Material to process Block Start

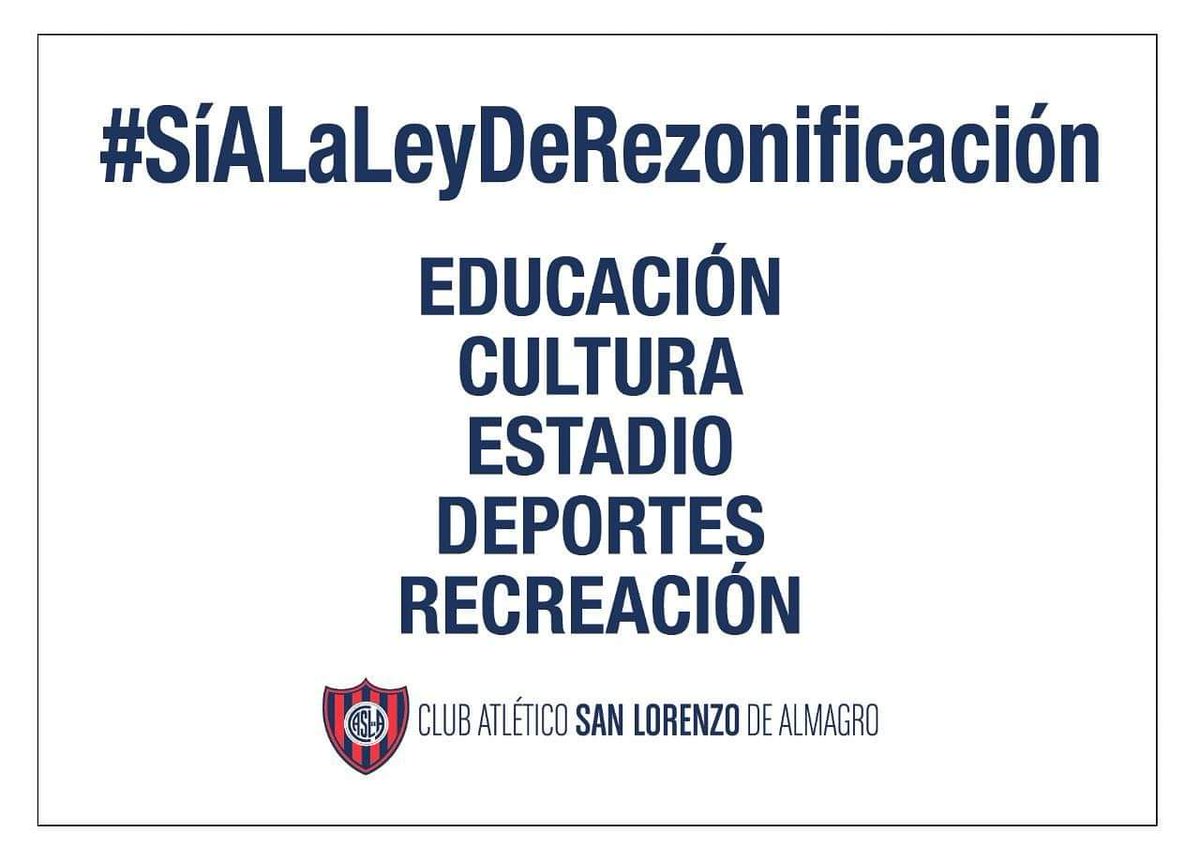 AzulgranaItali's tweet photo. 🔵🔴Las peñas del país y del mundo pedimos e tratamento de la ley
#SiALaLeyDeRezonificacion 
#másque90minutos
#deBoedoalmundo https://t.co/cm0zJrtrOb
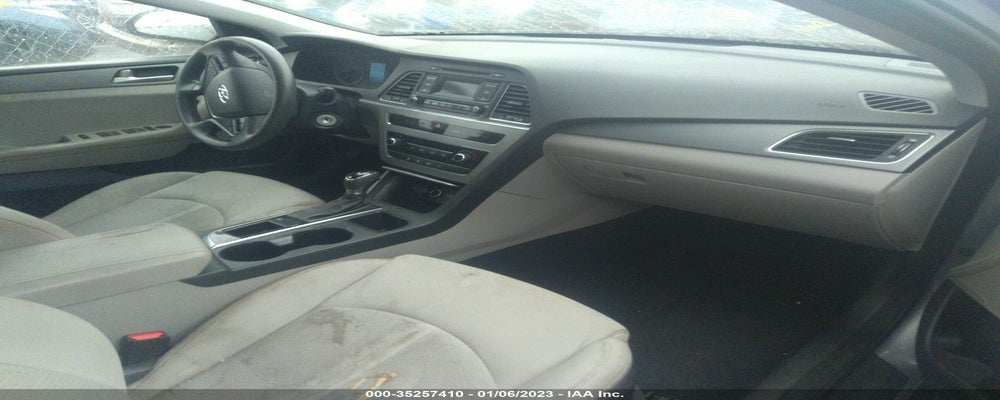 5NPE24AF1FH131914 2015 HYUNDAI SONATA photo no. 5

Material to process Block End

• Aim of the exercise: Return the data exactly. Do not carry over any images.

• Answer to this problem:
 AzulgranaItali's tweet photo. 🔵🔴Las peñas del país y del mundo pedimos e tratamento de la ley
#SiALaLeyDeRezonificacion 
#másque90minutos
#deBoedoalmundo https://t.co/cm0zJrtrOb
 5NPE24AF1FH131914 2015 HYUNDAI SONATA photo no. 5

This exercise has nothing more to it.